**Data section**
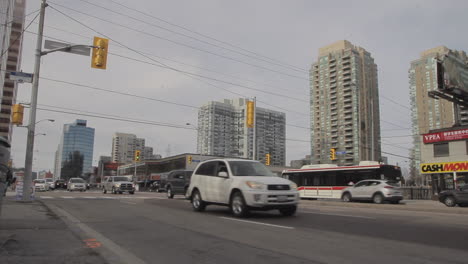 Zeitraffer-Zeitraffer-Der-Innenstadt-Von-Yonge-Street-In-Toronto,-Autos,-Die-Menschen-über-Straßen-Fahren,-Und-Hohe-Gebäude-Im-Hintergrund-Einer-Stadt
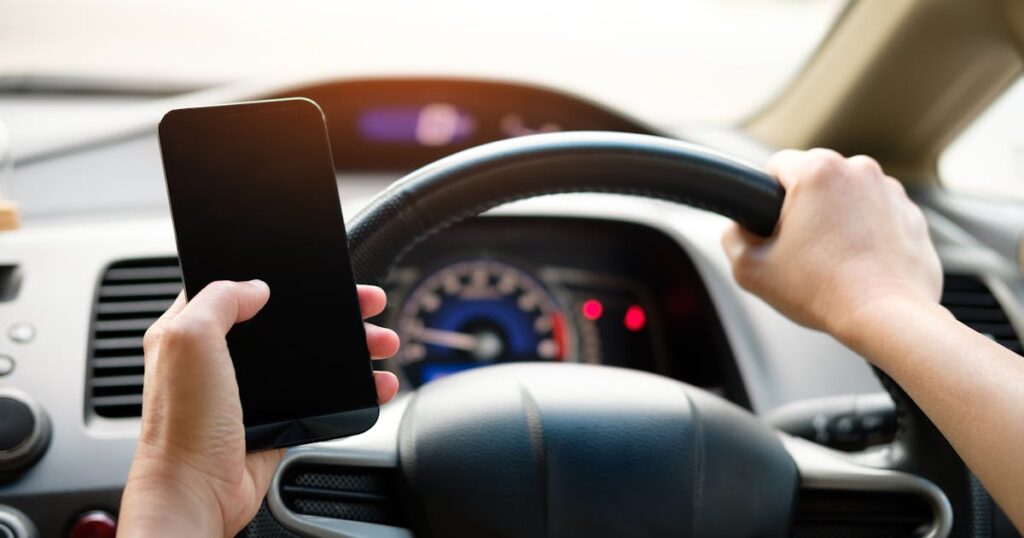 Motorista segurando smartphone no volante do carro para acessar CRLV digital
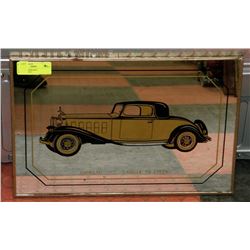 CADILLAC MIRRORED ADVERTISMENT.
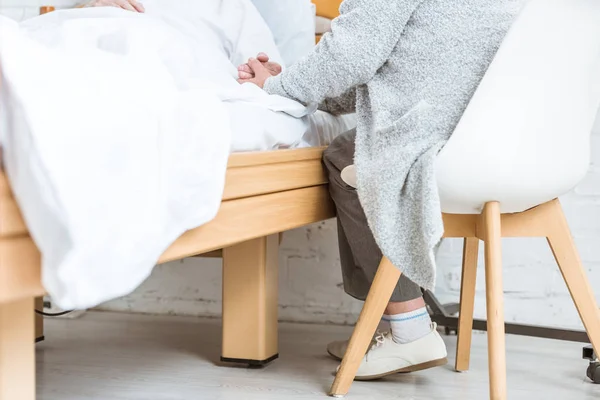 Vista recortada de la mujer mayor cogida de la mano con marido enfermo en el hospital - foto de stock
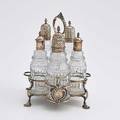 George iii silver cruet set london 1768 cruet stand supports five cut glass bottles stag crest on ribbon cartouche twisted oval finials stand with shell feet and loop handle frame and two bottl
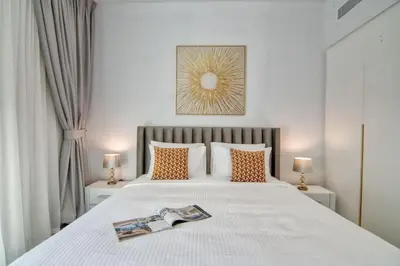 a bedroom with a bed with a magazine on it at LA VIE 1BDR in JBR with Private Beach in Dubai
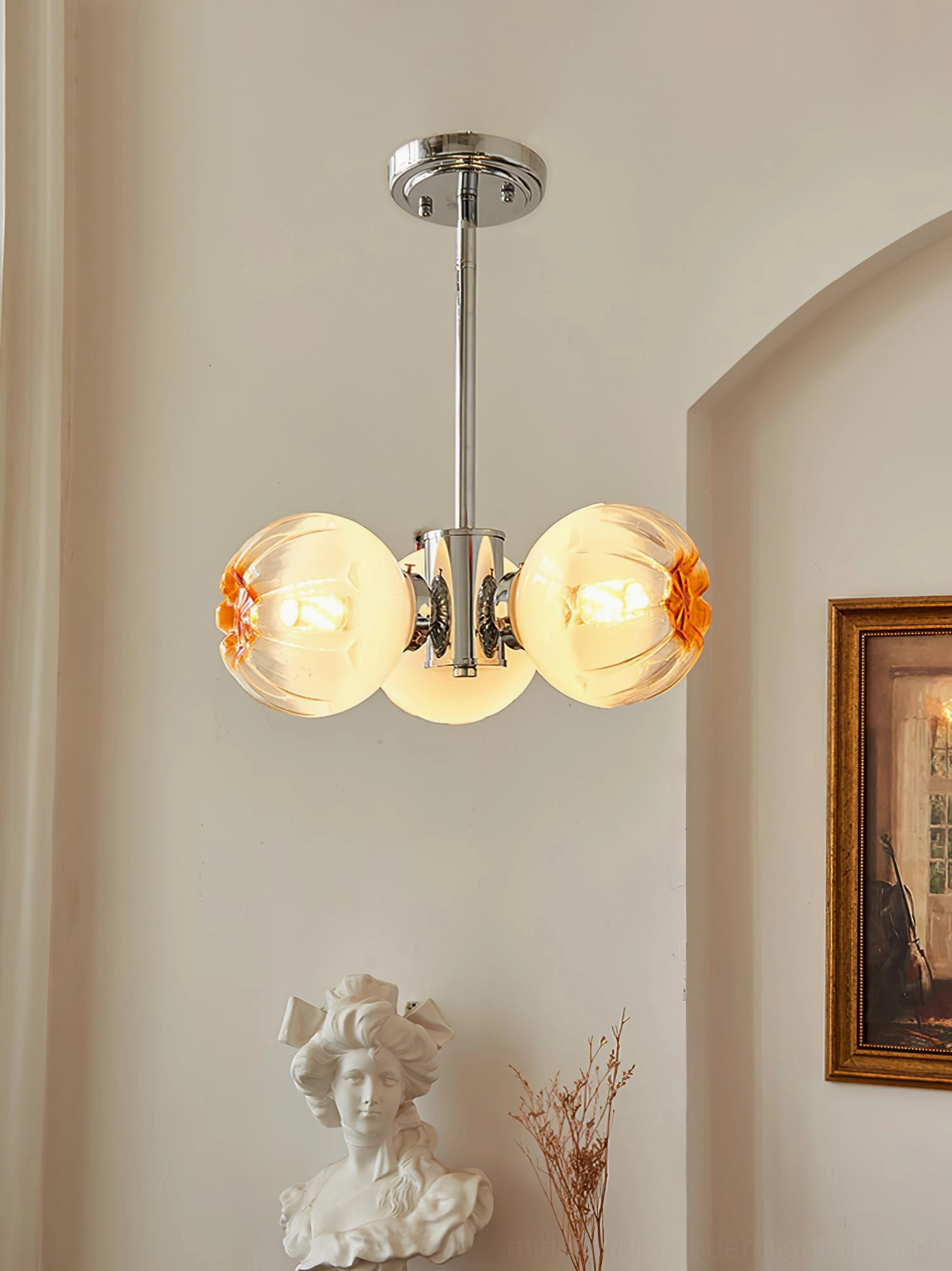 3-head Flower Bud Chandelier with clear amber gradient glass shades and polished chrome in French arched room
* * *
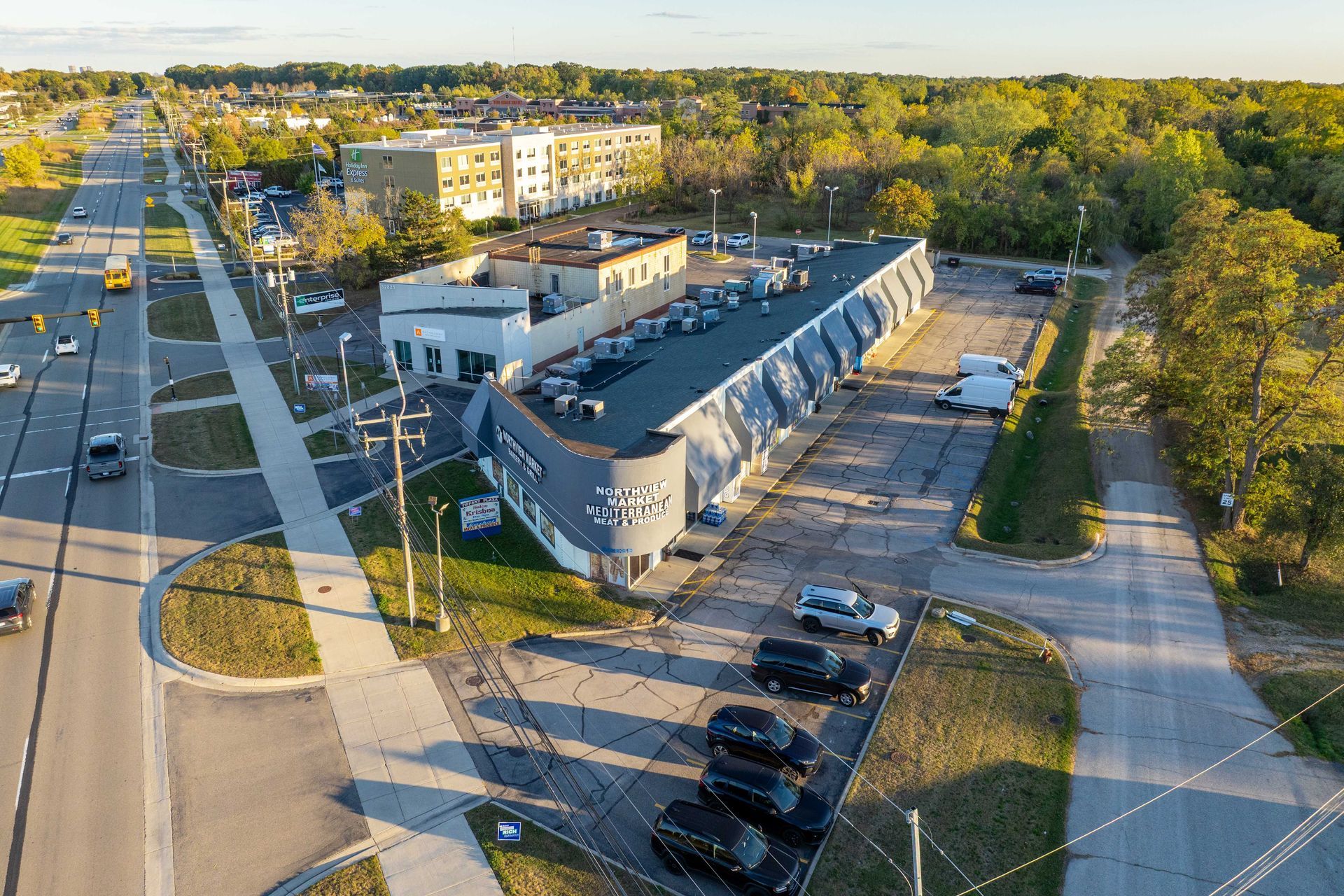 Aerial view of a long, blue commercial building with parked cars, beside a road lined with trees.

**Goal of the exercise**
Repeat, without pictures, exactly the lines of the data above from the one containing "Zeitraffer-Zei" through the one containing "George iii silver", including both and adding nothing.

**Output for this exercise**
 Zeitraffer-Zeitraffer-Der-Innenstadt-Von-Yonge-Street-In-Toronto,-Autos,-Die-Menschen-über-Straßen-Fahren,-Und-Hohe-Gebäude-Im-Hintergrund-Einer-Stadt
 Motorista segurando smartphone no volante do carro para acessar CRLV digital
 CADILLAC MIRRORED ADVERTISMENT.
 Vista recortada de la mujer mayor cogida de la mano con marido enfermo en el hospital - foto de stock
 George iii silver cruet set london 1768 cruet stand supports five cut glass bottles stag crest on ribbon cartouche twisted oval finials stand with shell feet and loop handle frame and two bottl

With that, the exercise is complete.